Graduation. It is nearly here. 33 days away by my count. And then what you might ask? Then what will I do. This graduation is an interesting phenomenon. For 23 years I have waited for this, to be done with school. Done forever. Or maybe just temporarily, but for a length of time. For 17 years I have been a student. Interesting how slow is goes until it is over. Now I look back and wonder where the time went. It was so fast. Just 5 years ago I graduated from high school. Just a kid really, unsure what life was really about. No real idea what I wanted to be when I grew up. And 5 years before that, entering high school for the first time, perhaps that is the first step into adulthood. The first point where you have to start making your own decisions about your education. And then bam, 10 years went by and here I am. Graduating from college. With a degree in hand and the chance to get a real job in the real world. And suddenly it all happened so fast. Too fast. Sometimes I feel unprepared for this moment. There are still so many unknowns - what is life going to look like now? Where am I going to end up? What am I going to do? What is the goal in life now? For so long we are taught as students to get through the school year. You see the count downs on people's Facebook profiles, you hear the excitement when there is just one paper left, you see their shouts of 'freedom' when they are done. Rarely do you think of the final freedom, until suddenly here you are. 33 days away from being free from school forever. And then what? Perhaps that is the million dollar question.

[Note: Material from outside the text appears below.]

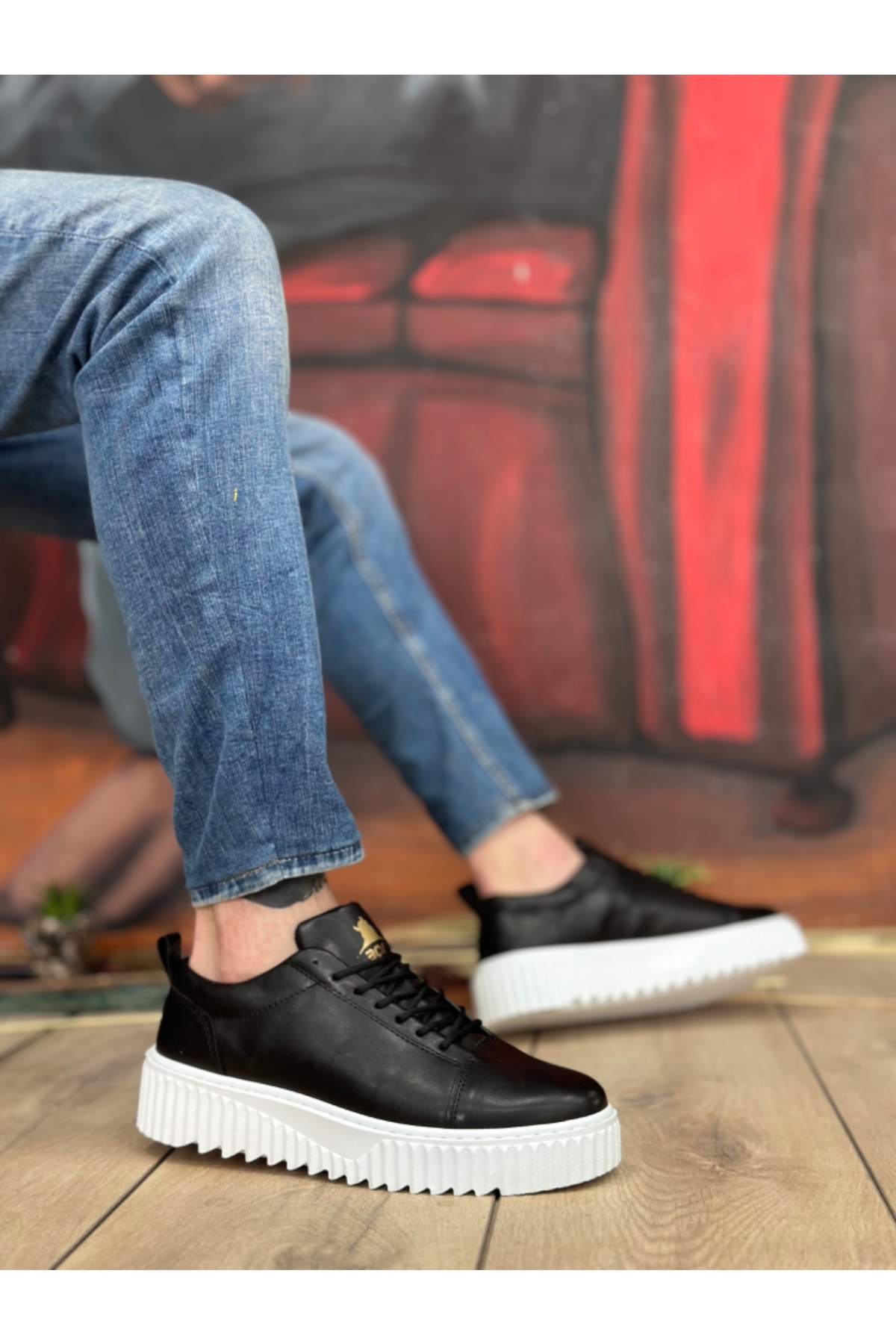 Bağcıklı Erkek Ayakkabı SİYAH (BEYAZ TABAN) - Görsel 5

So, and then what? in 33 days I will walk across a stage, receive my two degrees, and move on from Tabor College. That isn't easy, as the title of this post says. Neither decision is easy. I cannot imagine leaving this place (though I will) any more than I can imagine staying here. In the past two and half years (has it really been that long?) this place has become home to me. Just as much a home as my other home thousands of miles away. Maybe you have heard it in my talking...I refer to both places as home which confuses most. Maybe you don't know at all. But I have lived here for so long, been here for longer consecutively then I have been at my other home in two and half years. So how do you leave? With tears, of course. There are people I love here. People I don't want to leave. But the same is true of my other home, and it has been hard to be separated from them for so long as well. Life always changes, and this is the biggest change of them all.

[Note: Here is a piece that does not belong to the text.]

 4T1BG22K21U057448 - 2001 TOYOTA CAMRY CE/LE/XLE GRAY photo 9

So, to answer the question. I am planning on returning to BC if you could not tell. The family and friends the mountain and the ocean, they all call me home (even while I love Kansas, it is beautiful in its own way). I will be looking for a job in child welfare (so if you hear of anything, let me know). I don't know exactly what this will look like, and I will not be picky. I just want to get employed. Ideally, at the entry level I would love a job in CPS and perhaps the government will end their hiring freeze just in time for them to hire me. Time will tell. If not CPS, I would like a job working with families and youth, providing services, keeping them together. That is my ideal. What will actually happen is completely unknown, and as I said I will not be picky. I have already applied for random jobs that have some social work skills in them. And then I will wait and see. I do, at this point, plan to get a Master's degree. Probably in social work, but perhaps in counseling. We will see where God takes me and what fits with where I am when I go to take that step. Other than that I have no plans. Immediately following graduation, I will begin the long road trip back with my parents, who will be driving their 5th wheel. I will re-acclimate myself to life in BC. I will do a lot of job searching. And I will see where God is going to take me. I am excited for this new adventure. Excited for what is going to happen, even if it is unknown. Even if it is hard. The whole world is open to me, and I will find a door to go through and see where the journey leads.
That is what is next. A long season of changing and unknowns. A new adventure.